下の例では、Group Input ノードの Geometry ソケットは丸いので、単一のジオメトリ(球、立方体などの)データが送られている。また、Value ノードの Value ソケットからは、単一の数値データ(2.000)が送られている。

上の Vector ソケットは丸く、単一のデータのはずなのに、値が 3 つあるのはなぜだ、と疑問に思うかもしれない。後述のように、このソケットのデータタイプは「ベクトル(Vector)」なので、3 つの値(上では [0.0 , 2.0 , 0.0])がセットでひとつのデータとして扱われるためだ。


フィールドデータ


ひしがたのソケットは、フィールドデータを入出力するソケット。すこしわかりにくいデータだが、かんたんにまとめると、複数の(連続した)データのことだ。

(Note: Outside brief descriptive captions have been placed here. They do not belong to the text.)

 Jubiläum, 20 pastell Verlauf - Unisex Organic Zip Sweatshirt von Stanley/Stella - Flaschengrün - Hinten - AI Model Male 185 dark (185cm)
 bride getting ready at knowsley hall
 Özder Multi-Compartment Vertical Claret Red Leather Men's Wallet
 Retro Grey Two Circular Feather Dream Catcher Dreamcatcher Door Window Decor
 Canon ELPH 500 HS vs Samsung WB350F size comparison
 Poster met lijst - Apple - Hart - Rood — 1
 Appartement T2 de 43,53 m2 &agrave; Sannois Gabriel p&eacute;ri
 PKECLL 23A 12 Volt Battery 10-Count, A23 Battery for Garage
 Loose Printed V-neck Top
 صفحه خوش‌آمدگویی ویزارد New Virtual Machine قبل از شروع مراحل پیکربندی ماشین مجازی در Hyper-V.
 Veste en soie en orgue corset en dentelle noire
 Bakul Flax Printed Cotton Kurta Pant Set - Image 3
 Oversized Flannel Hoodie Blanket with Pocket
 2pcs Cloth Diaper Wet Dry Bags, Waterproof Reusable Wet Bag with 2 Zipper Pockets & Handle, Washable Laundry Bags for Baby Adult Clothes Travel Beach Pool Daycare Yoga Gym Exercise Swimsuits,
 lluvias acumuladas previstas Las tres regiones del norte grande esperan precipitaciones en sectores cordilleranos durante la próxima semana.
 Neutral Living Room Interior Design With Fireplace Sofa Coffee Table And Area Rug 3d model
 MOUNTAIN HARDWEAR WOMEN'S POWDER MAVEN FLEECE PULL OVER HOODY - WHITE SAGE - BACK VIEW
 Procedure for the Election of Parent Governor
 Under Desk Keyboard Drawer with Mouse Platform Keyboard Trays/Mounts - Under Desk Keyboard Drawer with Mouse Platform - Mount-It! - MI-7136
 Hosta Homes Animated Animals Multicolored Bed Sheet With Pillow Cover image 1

上の Value ソケットからは、複数の連続した乱数(Random Value)が出力されている。このため、出力値は、0.3 , 0.8, 0.2, 0.7 … 等、必要に応じた数の数値が連続して出力される。
なお、ソケット間の接続ラインが点線になっているのは、ソケット間でフィールドデータが入出力されているという印だ。

たとえば、左の平面オブジェクトを上に移動させるには単一の値があればよい。ただ、右のように複数の頂点をそれぞれ移動させるには、頂点の数に応じた複数の値が必要だ。この必要を満たすのがフィールドデータだ。
ジオメトリノードでは、オブジェクトの頂点など複数のポイントを操作することが多いため、欠かせないデータである。


単一・フィールドデータ


ひしがたのなかに小さな丸があるソケットは、単一、フィールドのどちらのデータも扱えることを示している。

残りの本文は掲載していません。